What I need is a simple link on my desktop or in a program that lets me find a computerised service and print off instructions telling the patient how to access it.

I don’t need a massively complex map of medicine-type system that tries to do my job for me – I just need an up to date directory of local and national services that are easily sortable and searchable.

Hypertension springs to mind as another area in which we could use some easyThinking. It’s a huge volume of work, protocol driven, with lots of routine checks for which coming into the surgery to see a health care assistant must be a pain.

Go online, do some home readings on a validated machine, send in a urine sample for dipping or dip your own at home, put all the results on a computer.

If your results are ‘normal’ – great. The system should congratulate you and offer you advice on other things.

If they are ‘abnormal’ – not so great. The system should push compliance, diet and lifestyle advice and put up the medication.

I’ve mentioned this idea to some local clinicians, and they go on about patients lying and under reporting their weight and blood pressure and so forth.

My answer to this is that we should clearly explain to people that telling the truth gets them the best, evidence-based medicine. Lying and, in particular, under representing their readings puts them at risk. However, it’s up to them.

Actually, I think that the patients who might lie won’t engage in the first place. If we had a good system in place, we’d have more time to do something that might have real impact, like chase up the apathetic disinterested.

Then there’s the phone…

To look into this further, as part of my clinical commissioning group role I’ve been working with health2works and some students at the University of Liverpool physics department.

We’ve been scoping a project to see whether a website could do most of a hypertension health check and collect other interesting / useful information along the way.

We are only part way into the project, so it’s too early to report.

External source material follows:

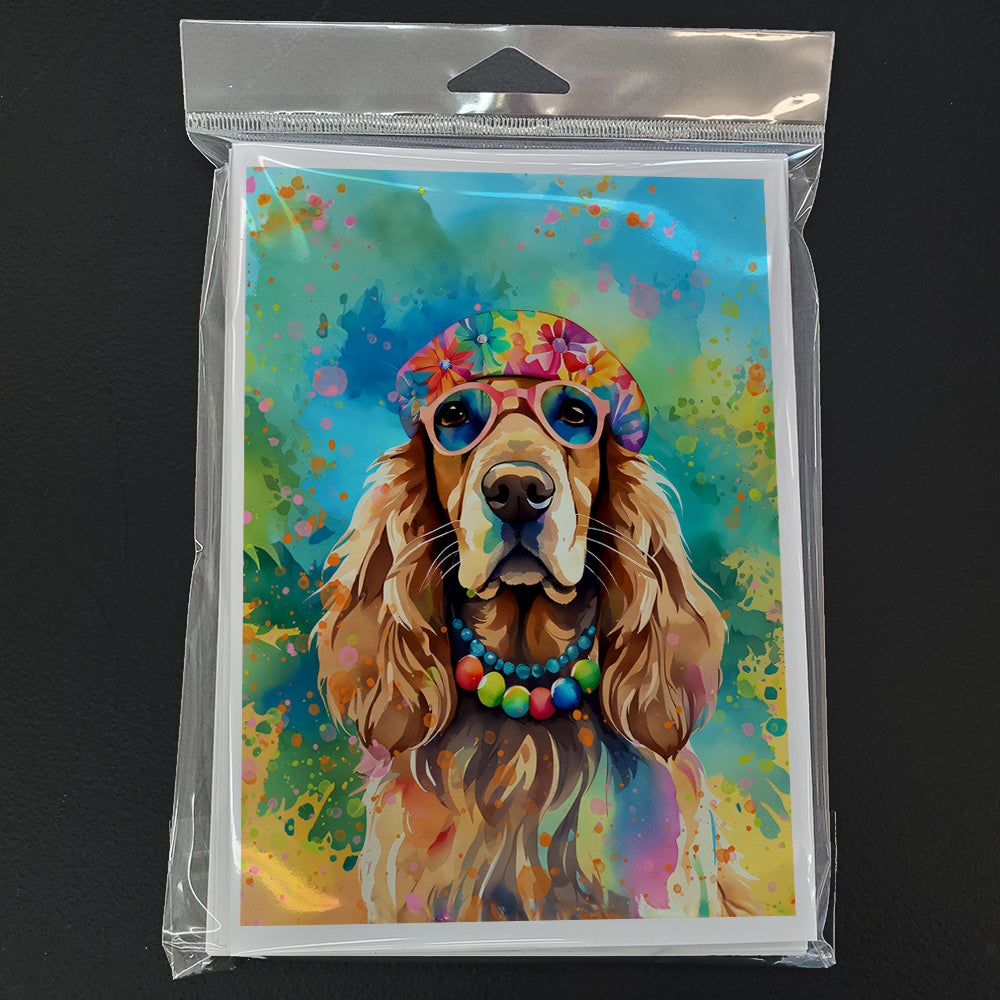 Cocker Spaniel Hippie Dawg Greeting Cards Pack of 8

But targeting little niches like this looks doable. The key has to be making it easy to use so support, so automating it doesn’t in practice take as long as just doing it.

We are obviously onto something, as I attended a Florence event at the Britannia stadium the other day.

Florence is a telehealth provider with an automated telephone system that contacts patients, so while it isn’t website-based it works along the same lines.

At the moment, there are ten pathways in which they think the phone has a role; things like hypertension, reminding people to take medication, and advice on inhaler technique.

The system looks very good. I’m not convinced it will replace GPs, but it and systems like it should help us to be more productive.

Finding a way to demand change

My worry is that our relationship with IT suppliers is wrong. Perhaps this is the problem with being a small practice and not a massive corporation. If easyJet wants to change the way it does things, it can instruct its suppliers to change their software and pilot the impact on its workflow.

We have very little control over the roadmap of our software suppliers, and getting pilots up and running is a column in itself. Unfortunately, I doubt CCGs will be big enough to be in control.

About the author: Dr Neil Paul is a full time partner at Sandbach GPs, a large (21,000 patient) practice in a semi rural Cheshire. He is one of five executive GPs for NHS South Cheshire CCG and has a mixed portfolio that includes IT.

He was previously on the PEC of NHS Central and East Cheshire. He also writes iPhone software, runs a primary care clinical trials unit and is involved in several exciting IT projects.